February 22, 2011
Bad Fever trailer
Here's that aforementioned teaser:
Posted by David Lowery at 3:55 PM
February 20, 2011
A smattering of things:
- The San Francisco Bay Guardian did their Sundance wrap-up last week, and at the fourth spot on their list of the best films was Pioneer. That was quite a thrill.
- Speaking of that film, the SXSW Screening times are out. We're in Shorts Block 1 (alongside another excellent Sundance short, The Strange Ones), and our schedule can be found here. Our first show is the morning of the 12th, and I'm hoping we'll have the whole cast on hand for the Q&A afterwards.
- The night before that is opening night, and Bad Fever (pictured above) is one of the films that will be featured that evening. Between now and then, completely unrelated to that film, I'm going to lose at least ten pounds.

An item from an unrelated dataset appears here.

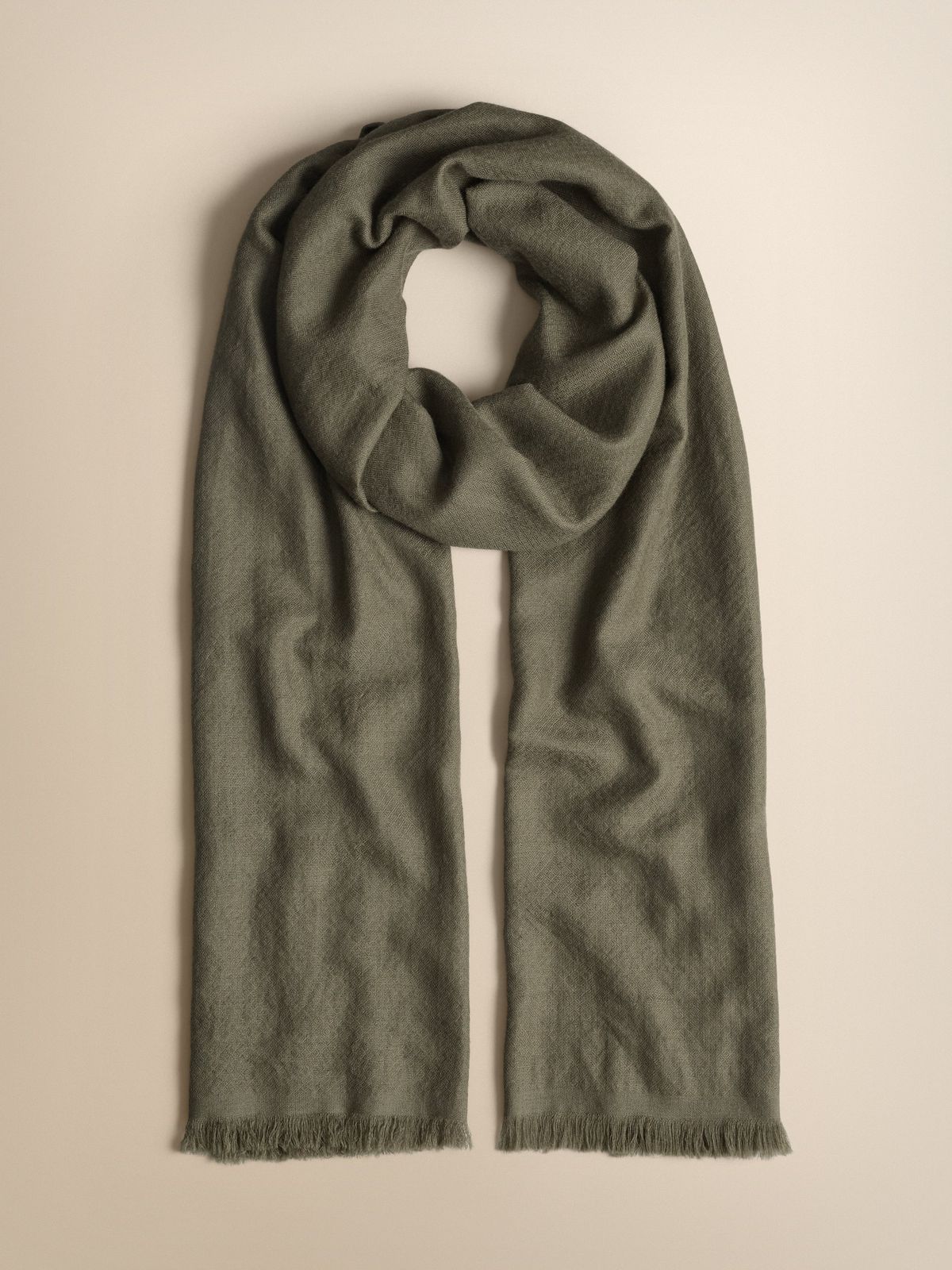 Remy Lightweight Cashmere Scarf Khaki Jacquard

- I'm finishing the third draft of the feature I'm aiming to shoot this coming fall. It's changed a lot, and for the better, but I'm having to deal with that familiar extrication the little things I love. Little gestures, exchanges, passages that are already fully realized in my head right down to the lens and the angle and the speed of a zoom. Most of these, I've come to learn, I love unto themselves. I love the cadence they add to the story, and that is a love which is separate from their effect on the story itself. They're the moments about which I might say I'd like the entire movie to be about, and as pivotal as such instances might be, their narrative integrity has proven fairly plastic - e.g., it doesn't matter so much who whispers in such and such's ear, what matters is the act of whispering itself. It's not as important who bleeds to death in the automobile as it is that someone does indeed expire while the landscape drifts by out the window. So this rewrite has been an exercise of reappropriating and redistributing those moments, so that the script has the same feel I've been after, even as its incident shifts quite a few degrees back towards center.

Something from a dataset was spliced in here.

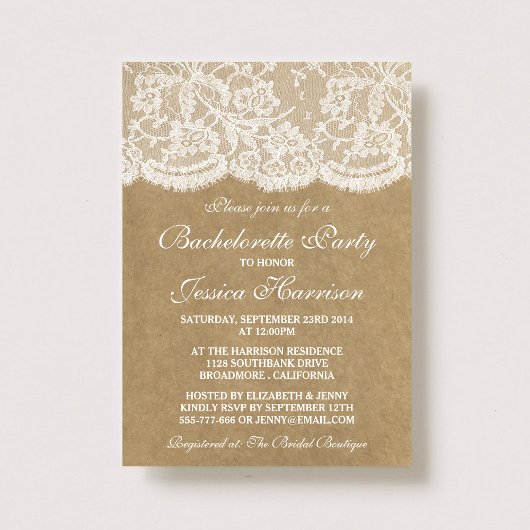 Rustic Kraft  White Lace Bachelorette Party Kaart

- Something about being really inspired by the news that Paul Thomas Anderson is gearing up to helm that Pynchon adaptation, even though Pynchon himself has never quite been my cup of tea.
Posted by David Lowery at 2:04 PM
February 10, 2011
Pioneer (and others) at SXSW
The SXSW lineup, which was largely announced last week, has just been expanded to include midnight films, Fantastic Fest selections, and short films - which means it's now safe to reveal that Pioneer is an official selection of my favorite film festival! A huge thanks to Janet, Jarod, Claudette and the rest of the staff for having us back.
We'll be playing alongside new work from some amazing filmmakers, including Michael Langan, Josh & Bennie Safdie, Evan Mather and Jake Vaughan, as well as fellow Sundance '11 selections The Strange Ones and Ex-Sex.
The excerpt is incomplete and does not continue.